*AVAILABLE DATA:*
-*-
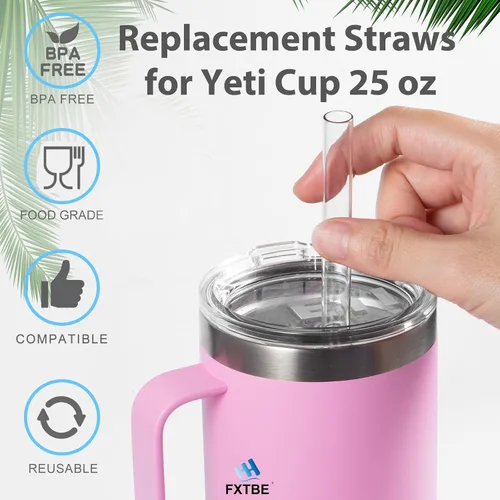 Vista 2 de Pajita para vaso Yeti de 25 y 26 onzas, popotes de repuesto para vaso Yeti de 25 onzas y 26 onzas, accesorios para vasos Rambler, bebida larga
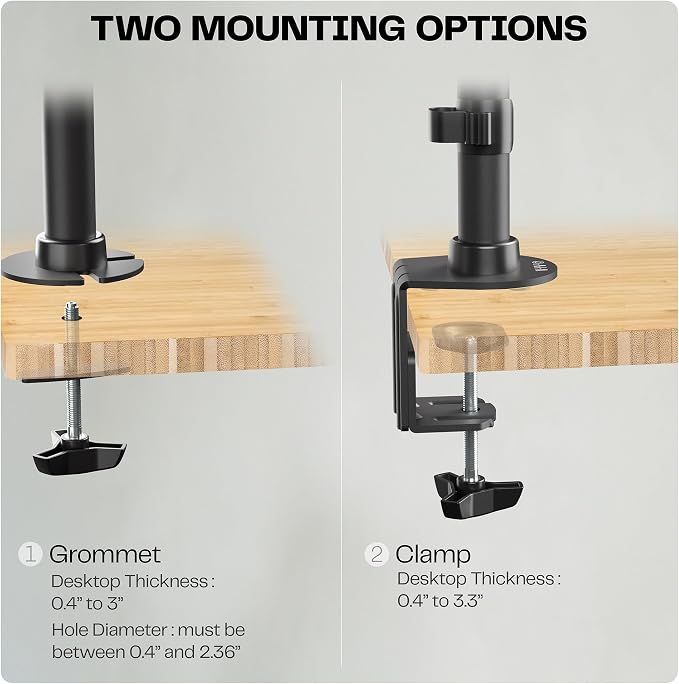 VIVO Dual Monitor Desk Mount Stand with Height Adjustment and VESA Plates for 2 LCD Ultrawide Screens up to 34 inches, Stacked Array, STAND-V002R - Image 7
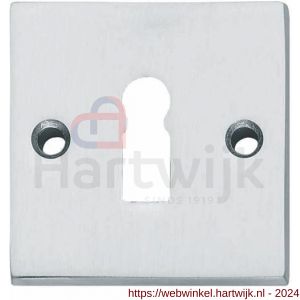 Intersteel Living 3184 sleutelplaatje met nokken vierkant 55x55x8 mm messing chroom mat - H26007601 - afbeelding 1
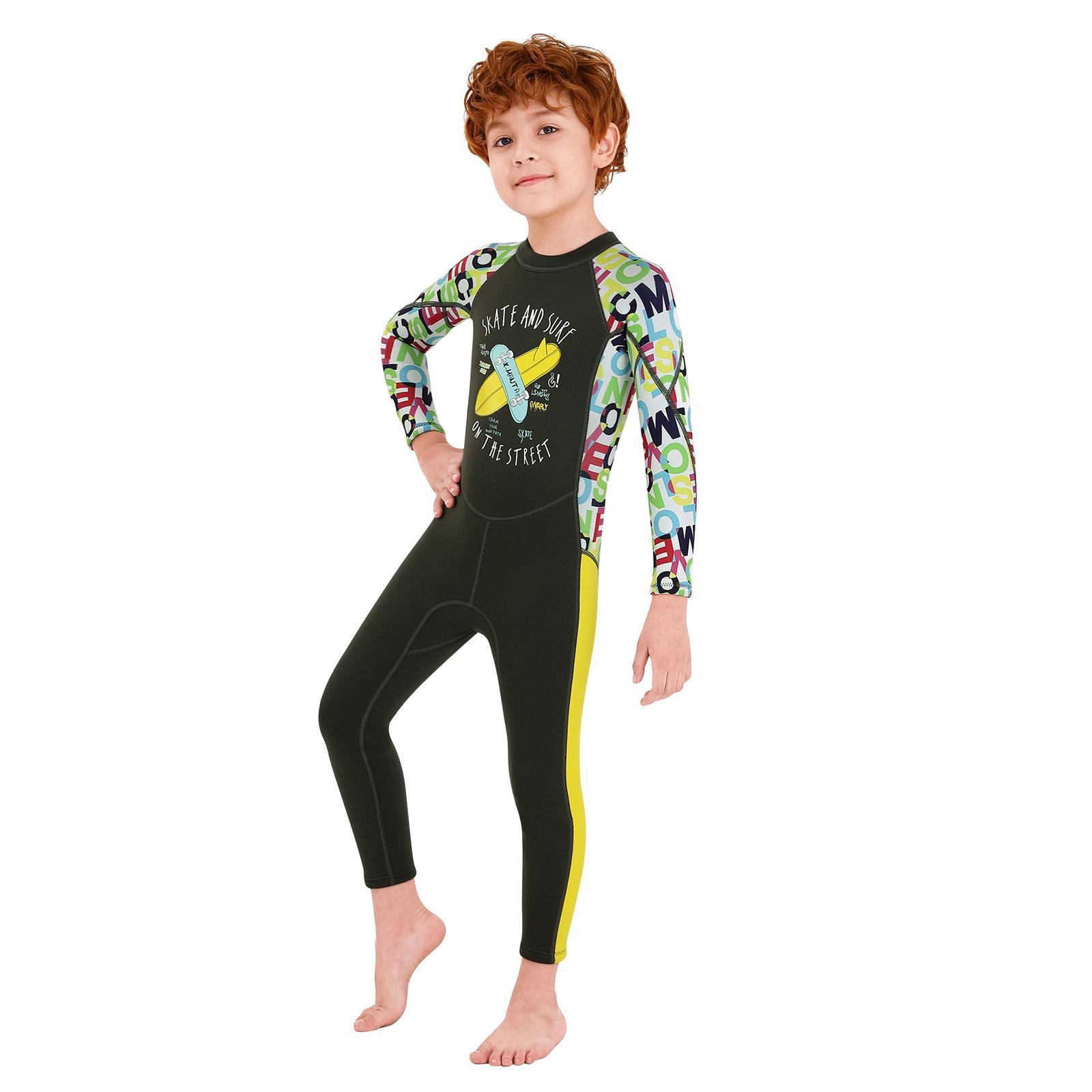 Kids Wetsuit girls and boys Neoprene Swimsuit, Children 2.5mm Thermal  Warm  Sun  Diving Snorkelling Suit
-*-
*WHAT YOU ARE ASKED TO DO:* Exactly as written, repeat the lines of the material above from the first through the line holding "Intersteel Living 3184", with both ends in the copy and no pictures.

*SOLUTION TO THIS EXERCISE:*
 Vista 2 de Pajita para vaso Yeti de 25 y 26 onzas, popotes de repuesto para vaso Yeti de 25 onzas y 26 onzas, accesorios para vasos Rambler, bebida larga
 VIVO Dual Monitor Desk Mount Stand with Height Adjustment and VESA Plates for 2 LCD Ultrawide Screens up to 34 inches, Stacked Array, STAND-V002R - Image 7
 Intersteel Living 3184 sleutelplaatje met nokken vierkant 55x55x8 mm messing chroom mat - H26007601 - afbeelding 1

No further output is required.